Poland’s Poltergeist Solo-6 is an elegant Schecter Custom Shop instrument, featuring a Floyd Rose 1500 series bridge, Grover tuners, Schecter USA Pasadena Plus set, mahogany body with flamed maple top and a three-piece mahogany set neck with ultra access. Poland emphasized the versatility of the guitar by playing a varied set of his own Fusion pieces, which were imaginative, note-perfect gems full of tonal nuance, as well as a raucous rendition of “Crossroads,” in which the guitar sang across the range from meaty, lower register to sharply pronounced high notes.
Sin Quirin’s demo of his signature guitar became another Schecter booth attraction. His signature guitar is a tough and sturdy Heavy Metal axe, differing from Poland’s guitar. The distinct Mother of Pearl “Sin symbol” stands out against the ebony fretboard, and the black-and-white goat scull graphics across the satin black V-shaped mahogany body enhance the strikingly minimalist look. The three-piece maple neck offers ultra access, and other features include a GRAPH TEC nut, Seymour Duncan blackouts, Tonepros bridge and Schecter locking tuners.
Fellow Ministry player Tommy Victor also has a signature Schecter guitar this year. Visually, it appears more modest, but it has a higher street price ($899 USD compared to Quirin’s $749 USD). It features a Floyd Rose 1500 series bridge, Grover tuners, EMG 81/85 set, three-piece mahogany neck with ultra access and a mahogany body.
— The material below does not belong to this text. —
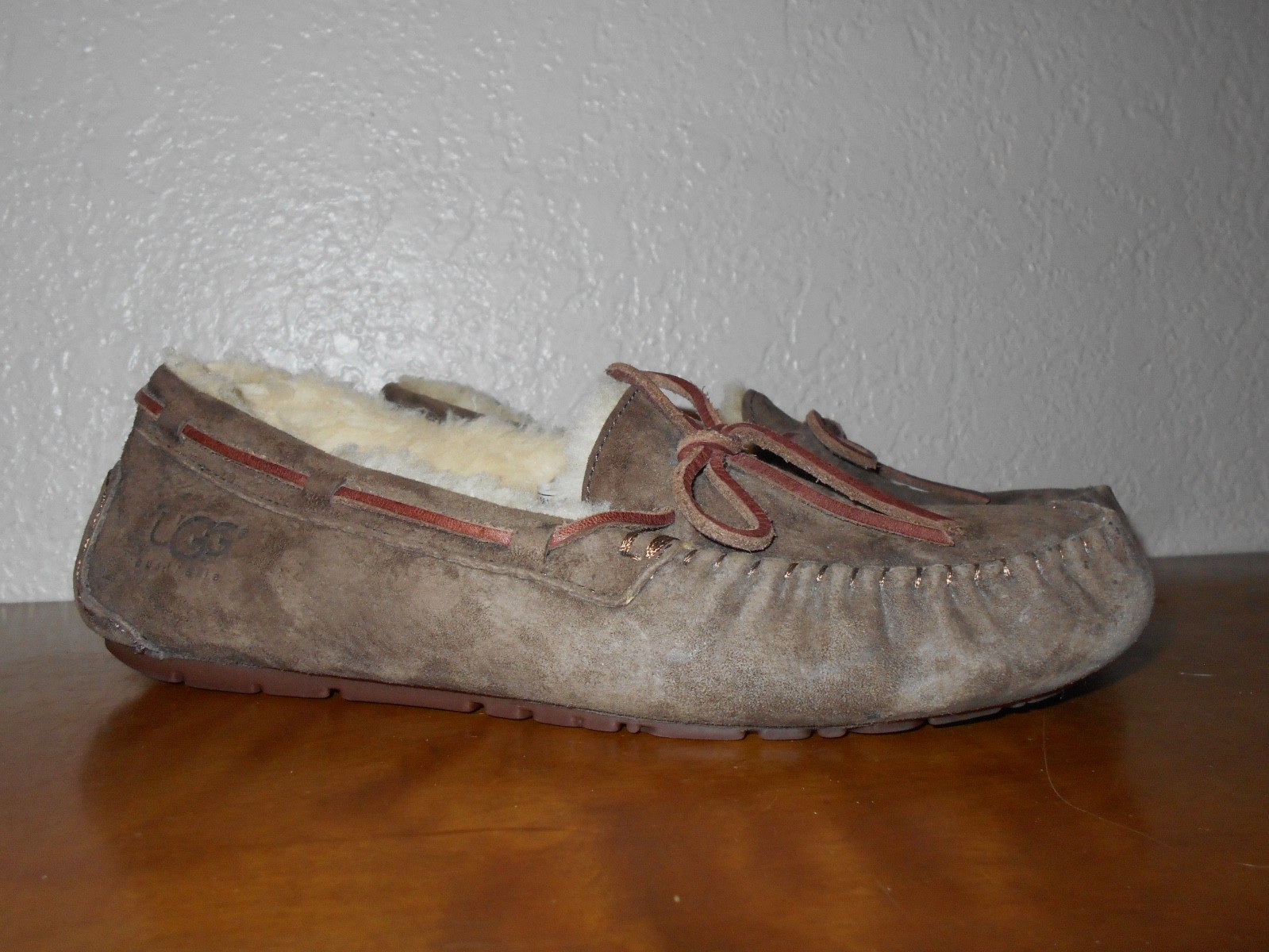 UGG Australia Dakota Espresso Suede Women’s Slipper Moccasins Size 9M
A Mother of Pearl Prong symbol inlay on the ebony fingerboard completes the guitar’s slick look.
Quirin and Victor, both, did signings and demos at NAMM this year and were pleasant and congenial, as opposed to their Ministry band leader, Al Jourgensen, who, at this year’s NAMM, gave new meanings to the words “obnoxious” and “erratic.” It’s unclear what, exactly, was amiss with Jourgensen, but his behavior had rumor mills spinning.
Back at the Schecter booth, the new Banshee Elite series (which come in 6, 7, and 8-string op-tions) drew attention with a no-frills, stripped-down look of swamp ash body with a flamed maple top and a 9-piece maple/walnut neck with ebony fingerboard. Neck-thru construction with ultra access allows easy reach to the higher frets. The guitars come with Schecter’s own hand-made SuperCharger pickups.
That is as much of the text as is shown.